What this task involves | Repeat, exactly as written, the lines of the records below from the first through the line with "Welcome to Bob's", but none past it.

Records provided |
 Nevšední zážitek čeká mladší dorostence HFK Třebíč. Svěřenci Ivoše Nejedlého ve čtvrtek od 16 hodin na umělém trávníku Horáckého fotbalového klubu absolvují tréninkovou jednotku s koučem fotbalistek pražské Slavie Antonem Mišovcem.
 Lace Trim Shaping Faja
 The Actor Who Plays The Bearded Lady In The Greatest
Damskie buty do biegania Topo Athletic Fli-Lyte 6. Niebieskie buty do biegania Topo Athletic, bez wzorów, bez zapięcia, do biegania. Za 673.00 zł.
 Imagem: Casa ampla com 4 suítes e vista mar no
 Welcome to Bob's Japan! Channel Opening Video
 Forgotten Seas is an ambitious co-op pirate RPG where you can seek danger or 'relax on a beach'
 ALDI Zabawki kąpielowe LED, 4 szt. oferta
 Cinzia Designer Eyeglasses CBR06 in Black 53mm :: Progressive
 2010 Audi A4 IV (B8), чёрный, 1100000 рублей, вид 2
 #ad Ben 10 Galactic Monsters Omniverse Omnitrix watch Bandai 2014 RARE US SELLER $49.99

Task solution |
 Nevšední zážitek čeká mladší dorostence HFK Třebíč. Svěřenci Ivoše Nejedlého ve čtvrtek od 16 hodin na umělém trávníku Horáckého fotbalového klubu absolvují tréninkovou jednotku s koučem fotbalistek pražské Slavie Antonem Mišovcem.
 Lace Trim Shaping Faja
 The Actor Who Plays The Bearded Lady In The Greatest
Damskie buty do biegania Topo Athletic Fli-Lyte 6. Niebieskie buty do biegania Topo Athletic, bez wzorów, bez zapięcia, do biegania. Za 673.00 zł.
 Imagem: Casa ampla com 4 suítes e vista mar no
 Welcome to Bob's Japan! Channel Opening Video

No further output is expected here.